Patterns in the ground near Mars’ Athabasca Vallis suggest the region once contained a frozen sea, says an international team of planetary geologists reporting this week at the first Mars Express Science Conference in Noordwijk, the Netherlands. Moreover, they say, plate-like surface features that resemble pack ice on Earth may still harbor buried blocks of ice, protected by a layer of volcanic ash.
The region lies at 5° north latitude and 150° east longitude, about 730 miles (1,180 kilometers) south of Elysium Mons. It also lies at the west end of Athabasca Vallis, an outflow channel leading from Cerberus Fossae, which scientists believe was a source of both lava and water flows.
Says Murray, pointing to Cerberus, “It appears you have an eruption of water from deep underground — one of those catastrophic floods that flowed down and covered the whole area south of Elysium Mons.”
Gushing floods
Where the water ended up forms a generally enclosed basin, about 500 by 560 miles (800 by 900 km) and roughly 150 feet (45 meters) deep — “similar in size and depth to the North Sea” on Earth, says the team. Water flowing into the basin would have ponded and frozen over quickly.
As Murray’s team reconstructs the events, eruptions at Cerberus could have shot volcanic ash into the air while liberating the flood of water that filled the basin through Athabasca Vallis. The ash settled on the freezing basin, mingling with the ice and preventing it from immediately evaporating in the thin air.
The lighter-hued areas between the large plates are similar to “leads,” or open water channels between Arctic ice floes. Murray notes they are about 10 feet (3 meters) on average lower than the plates. He attributes this to evaporation caused when the ash-rich ice covering the basin cracked, exposing fresh water containing less insulating ash and sediment. The fresher water would have evaporated more than the rubble-covered floes.
Not lava
Planetary scientists have interpreted similar-looking features elsewhere on Mars as rafts of solid lava carried by flood basalts. Murray’s team dismisses the idea in this case. Basalt hardens within a few years at most, they note, and the areas between the plates have crater-count ages of about 4 million years, a million years younger than the plates themselves. Mantled with ash, the ice covering the basin could last that long, they calculate.

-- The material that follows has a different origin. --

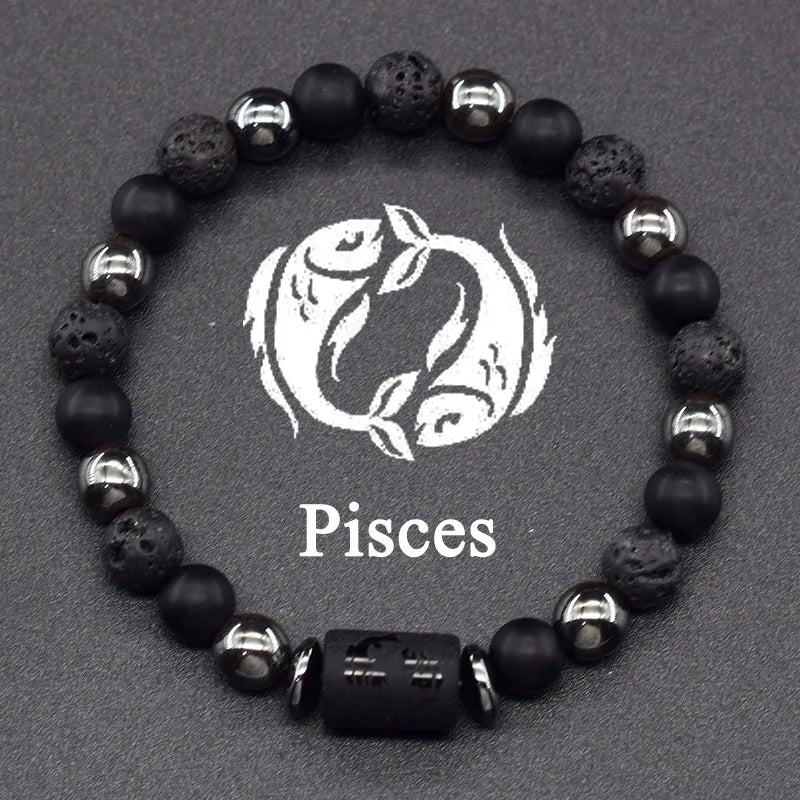 12 Zodiac Constellation Signs Bracelets for Men Women Real Natural Tiger Eye Stone Bead Bracelet Leo Taurus Charm Couple Jewelry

Another tipoff for ice is the extraordinary flatness of the plates. “They have a relief of plus or minus 5 meters [15 feet] over a measured 65 kilometers [40 miles],” says Murray. “That’s the slope of the tide coming into an estuary on Earth.”
Ice still there?
Murray and his team think there’s a good chance the ice is still there. “With the submerged craters,” he says, “you see they still contain 90 or 95 percent of the infill. This suggests most of the ice is still in the craters.” Also, notes the team, the surface is too horizontal for a natural basin whose floor varies in altitude. If the ice were gone, the floes’ height would vary more.

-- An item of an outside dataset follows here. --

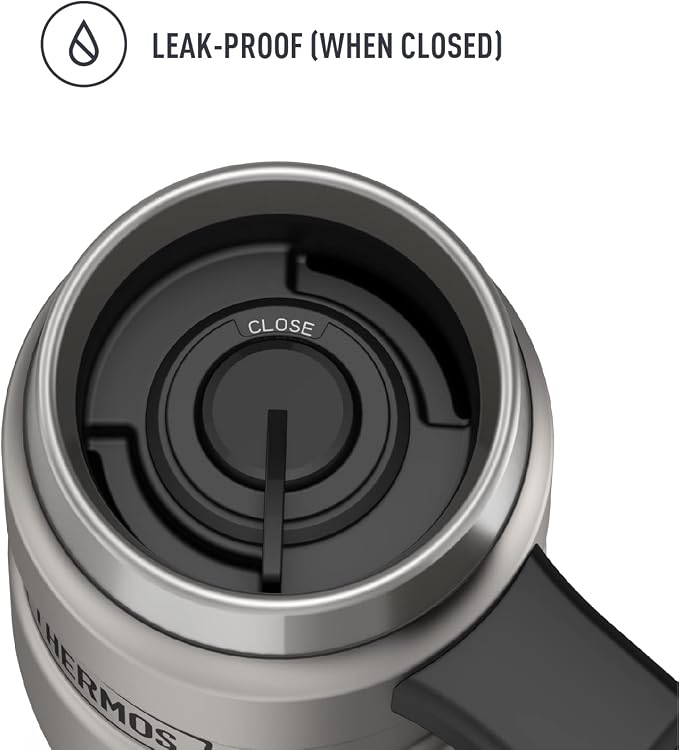 THERMOS Stainless King Vacuum-Insulated Travel Mug with Handle-16oz,Matte Steel-Thermos Tumbler for Hot&Cold Drinks-Leak-Proof&Sweat-Proof Stainless Steel Coffee Mug with Lid for Commuting,(Pack of 4) - Image 3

Another finding reported at the Mars Express Science Conference increased the interest in this region. Vittorio Formisano of Italy’s Institute of Physics and Interplanetary Space announced that the Planetary Fourier Spectrometer (of which he is chief scientist) had detected elevated concentrations of methane in the atmosphere over the region. Other scientists, however, dispute the amount of the methane concentrations. On Earth, nearly all methane has a biological origin, but the gas can be produced by volcanic processes.
Given the chance that residual ice may remain from this sea, Murray says “this would be a prime candidate area” for searches for life.